[R] Comparing dates in two large data frames
Dear all, I have two data frames (df1 and df2) and for each timepoint in df1 I want to know: is it whithin any of the timespans in df2? The result (e.g. "no" or "yes" or 0 and 1) should be shown in a new column of df1 Here is the code to create the two data frames (the size of the two data frames is approx. the same as in my original data frames): # create data frame df1 ti1 <- seq.POSIXt(from=as.POSIXct("2020/01/01", tz="UTC"), to=as.POSIXct("2020/06/01", tz="UTC"), by="10 min") df1 <- data.frame(Time=ti1) # create data frame df2 with random timespans, i.e. start and end dates start <- sort(sample(seq(as.POSIXct("2020/01/01", tz="UTC"), as.POSIXct("2020/06/01", tz="UTC"), by="1 mins"), 5000)) end <- start + 120 df2 <- data.frame(start=start, end=end) Everything I tried (ifelse combined with sapply or for loops) has been very very very slow.

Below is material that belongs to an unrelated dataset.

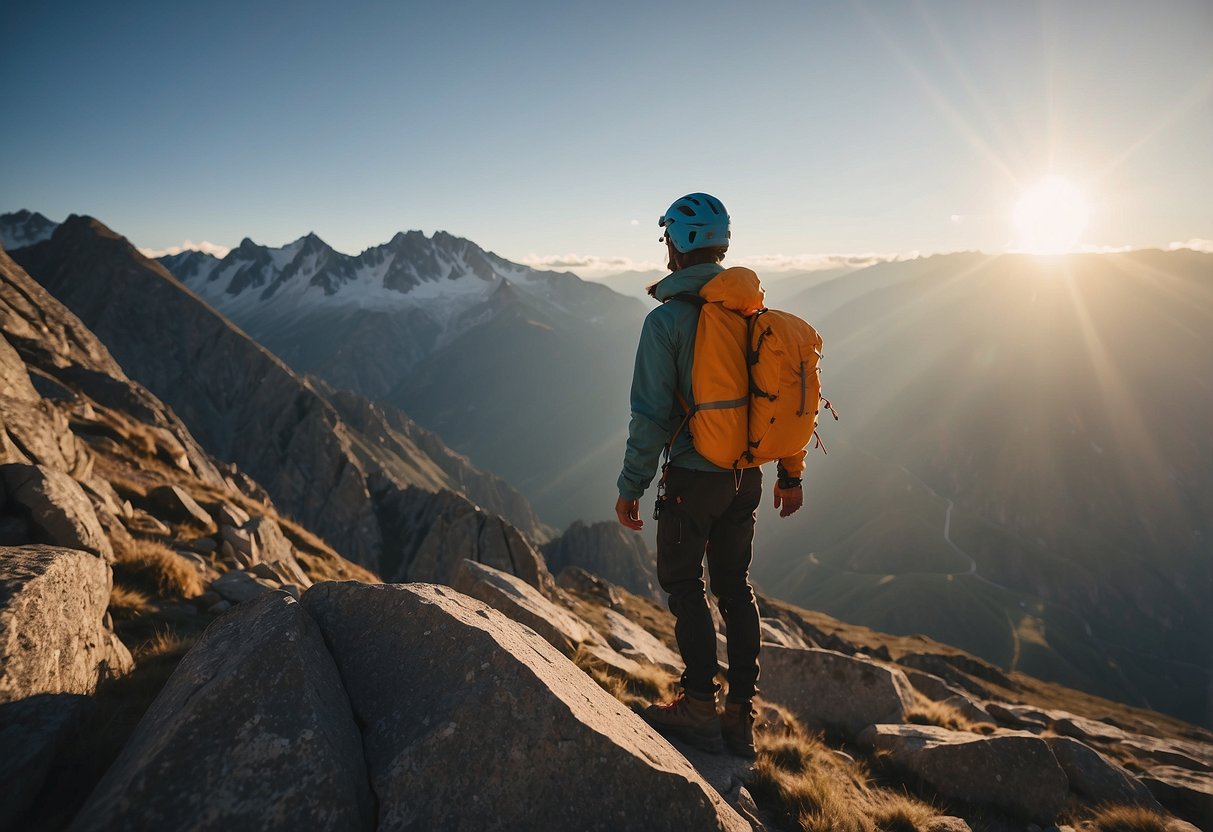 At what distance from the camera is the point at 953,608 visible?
195750 millimetres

Thus, I am looking for a reasonably fast solution. Thanks a lot for any hint in advance ! Cheers, Thomas __ R-help@r-project.org mailing list -- To UNSUBSCRIBE and more, see https://stat.ethz.ch/mailman/listinfo/r-help PLEASE do read the posting guide http://www.R-project.org/posting-guide.html and provide commented, minimal, self-contained, reproducible code.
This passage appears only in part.